Cher Kobe,
J'ai appris sans grand étonnement que tu allais mettre fin à ta carrière. Je m'y préparais. J'attendais juste que tu l'officialises. Mais malgré tout, l'annonce m'a quand même froissé le cœur. Cela veut sans doute dire que je ruminerais un regret éternel : ne t'avoir jamais vu jouer. En vrai. Au Staples Center, le lieu de tous tes exploits. Tant pis, je me contenterais de ton maillot que j'avais acheté avec mes pauvres économies de l'époque.
Je repense au nombre de fois où, adolescent idolâtre que j'étais, j'ai essayé de trouver les arguments pour prouver à mes potes que tu étais meilleur que Michael Jordan. Je repense au nombre de fois où j'ai essayé de reproduire tes fadeaways à l'entraînement. En vain. Je repense au nombre de nuits blanches endurées pour te regarder planter 40 points dans des matchs sans importance.

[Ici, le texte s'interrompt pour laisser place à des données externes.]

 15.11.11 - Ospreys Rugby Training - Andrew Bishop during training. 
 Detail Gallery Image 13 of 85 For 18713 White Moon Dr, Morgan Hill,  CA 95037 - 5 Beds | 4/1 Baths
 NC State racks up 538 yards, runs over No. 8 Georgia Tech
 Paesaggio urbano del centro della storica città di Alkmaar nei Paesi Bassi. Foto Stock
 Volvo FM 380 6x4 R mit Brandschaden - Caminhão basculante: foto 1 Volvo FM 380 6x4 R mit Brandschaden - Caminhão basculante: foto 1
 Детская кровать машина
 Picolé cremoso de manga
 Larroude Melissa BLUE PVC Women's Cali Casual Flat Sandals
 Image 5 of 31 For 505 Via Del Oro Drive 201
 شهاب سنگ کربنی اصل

Puis rattraper mes heures de sommeil sur ma table de cours. Oui, parce qu'ici, en France, tes matchs passent durant la nuit.
Mais tout ça m'était essentiel.
Parce que tu es Kobe. Kobe Bryant. Mon basketteur fétiche. J'avais 11 ans quand ton jeu m'a ébloui pour la première fois. J'en ai 23 aujourd'hui. À mon âge, tu gagnais ton troisième titre NBA. C'est assez étrange de dire ça. Enfin, pas tant que ça en fait... Toi qui est devenu professionnel à 17 ans, avant de battre tous les records de précocité.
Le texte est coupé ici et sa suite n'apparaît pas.